START Records shown

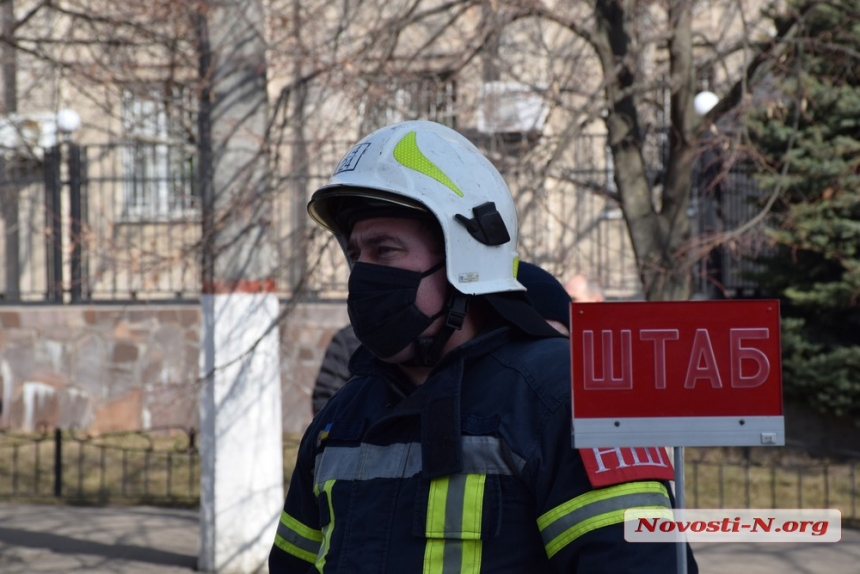 Как в Николаеве «тушат» главное управление Нацполиции. ФОТОРЕПОРТАЖ      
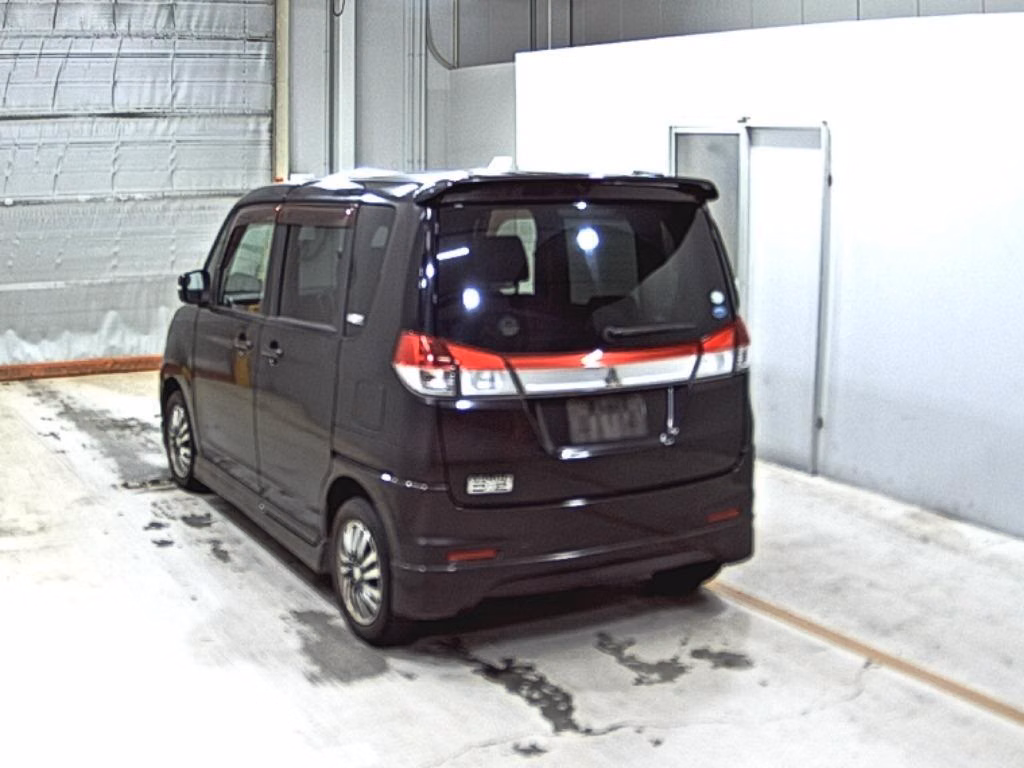 MITSUBISHI DELICA D:2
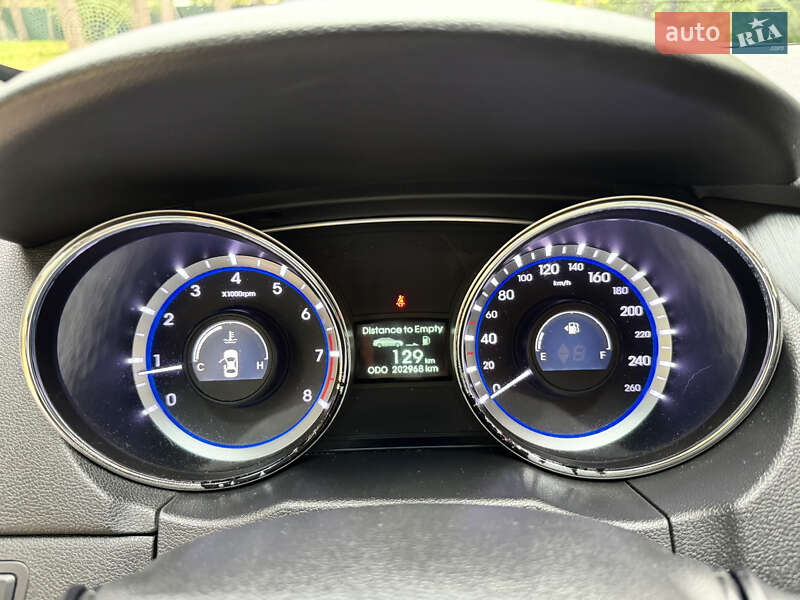 Седан Hyundai Sonata 2013 в Киеве фото 18 Седан Hyundai Sonata 2013 в Киеве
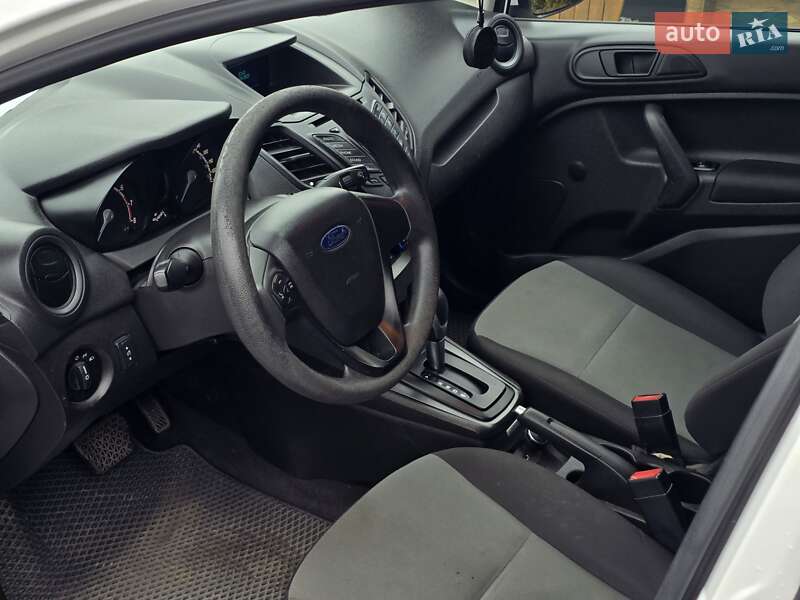 Седан Ford Fiesta 2016 в Тернополі фото 20 Седан Ford Fiesta 2016 в Тернополі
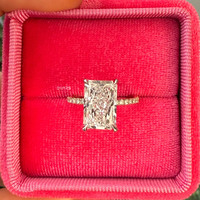 Elegante Diamante Radiante de 4 Quilates Cultivado en Laboratorio, Color F, Oro Sólido de 18K, Claridad VVS, Certificado IGI, Anillo de Compromiso Moderno para Mujer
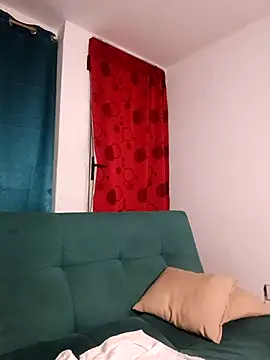 Snapshot of coral13 chatting on 11-19-25, 11:49 coral13 online show from 11-19-25, 11:49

END Records shown

§ **Work to complete**
Word for word, repeat the data above with the pictures left out.

§ **Result of this exercise**
 Как в Николаеве «тушат» главное управление Нацполиции. ФОТОРЕПОРТАЖ      
 MITSUBISHI DELICA D:2
 Седан Hyundai Sonata 2013 в Киеве фото 18 Седан Hyundai Sonata 2013 в Киеве
 Седан Ford Fiesta 2016 в Тернополі фото 20 Седан Ford Fiesta 2016 в Тернополі
 Elegante Diamante Radiante de 4 Quilates Cultivado en Laboratorio, Color F, Oro Sólido de 18K, Claridad VVS, Certificado IGI, Anillo de Compromiso Moderno para Mujer
 Snapshot of coral13 chatting on 11-19-25, 11:49 coral13 online show from 11-19-25, 11:49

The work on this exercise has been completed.